This is the story of a group of Belfast teenagers & Zimbabwean asylum seekers & their journey from fear to friendship. It’s the story of suspicious questions, tentative first conversations, light-bulb moments & searingly honest stories. This is the story of Intercultural Diaries…
“When I heard the word asylum seeker, I thought bad straight away.” Glen’s reaction – when the ID Belfast project was pitched to him. He’s one of a group of young people from both Clonard & Hammer Youth Clubs who have forged their own cross-community bonds. But now it was time for new conversations. And so the teenagers from west Belfast began to communicate with the Zimbabwean guys, via video.
Honest question & answer sessions were held over months – without the two groups actually meeting. “What were the hardest things to leave behind?” “Why Belfast?” “What do you guys think of people from other countries who come here?” … Just some of the questions.
As answers came & snippets of stories were told, already stereotypes were lifting.
‘They didn’t have a clue where they were coming to, they just got put on a boat & were brought here.” Chelsea’s view – after listening to some of the guys recount how they left Zimbabwe.
Like KB: ‘They were going to capture me & the other guys & only God knows what they could have done with me.”
Like Loyd: “It was like I was leaving my life behind – plus the place that I knew. Leaving my mum & leaving my daughter behind.”
But still the two groups didn’t meet. Separately they headed to the beautiful Lusty Beg island for more build-up work. The young people were there on the first day,;they chatted through racist stereotypes that exist & got to act out the stories of real-life asylum seekers. When they left the island the Zimbabwean guys arrived. They told their stories & shared their fears about life here.

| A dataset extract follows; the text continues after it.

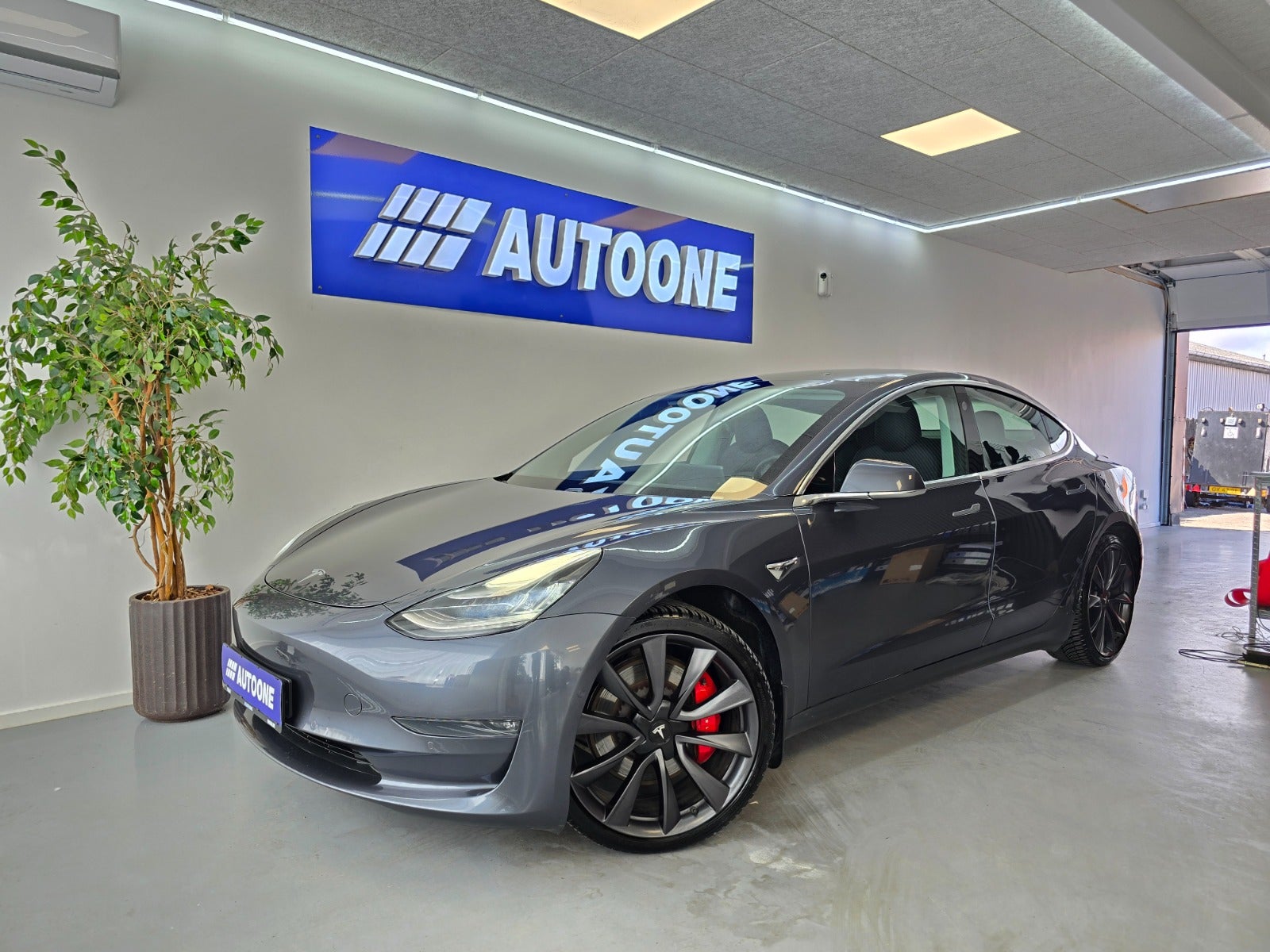 Billede af Tesla Model 3  Performance AWD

For Stanley, the whole process brought with it anxieties. He’s suffered three racist attacks in Belfast & is nervous about encounters with strangers. And yet his attitude is stunning: “I don’t want those young people to lead a bad life, like attacking people for no reason. I need to teach them to have a better life, a better future.”
And so three months later the groups are ready to meet. The stunning Corrymeela peace centre, the setting – as they hug & chat for the first time. Nerves go, bonds start to form.
“I was a bit guarded at the start,” said Demi. “But now they’re like my brothers & sisters.”
“A person is a person, regardless of their background,” said KB.
It was two days of beach walks, DJ sets, random dancing, forward rolls & fire pits.
But in amongst all that – amazing stories were told.
For Marcus, sharing with the group was a struggle. But when he did – came honesty, tears & an amazing bond with Loyd. As Marcus spoke, Loyd’s embrace brought moral support & inspiration. “I’ll never forget him,” said Marcus. “They’re just like me & I think they deserve to be over here & to be safe here.”
For Stanley too, honesty meant sharing his painful stories. But as he talked about being attacked, the group’s reaction was strong. “I’m sorry on behalf of Belfast” – was Geraldine’s response. The young people’s outrage was clear. And Stanley felt it: “It was like love was piercing my heart,” he said.
ID Belfast is no longer two groups: it’s one. And that was so clear on the night of the movie launch at Belfast’s MAC Theatre. These guys had journeyed & shared & become friends. And they’d changed along the way.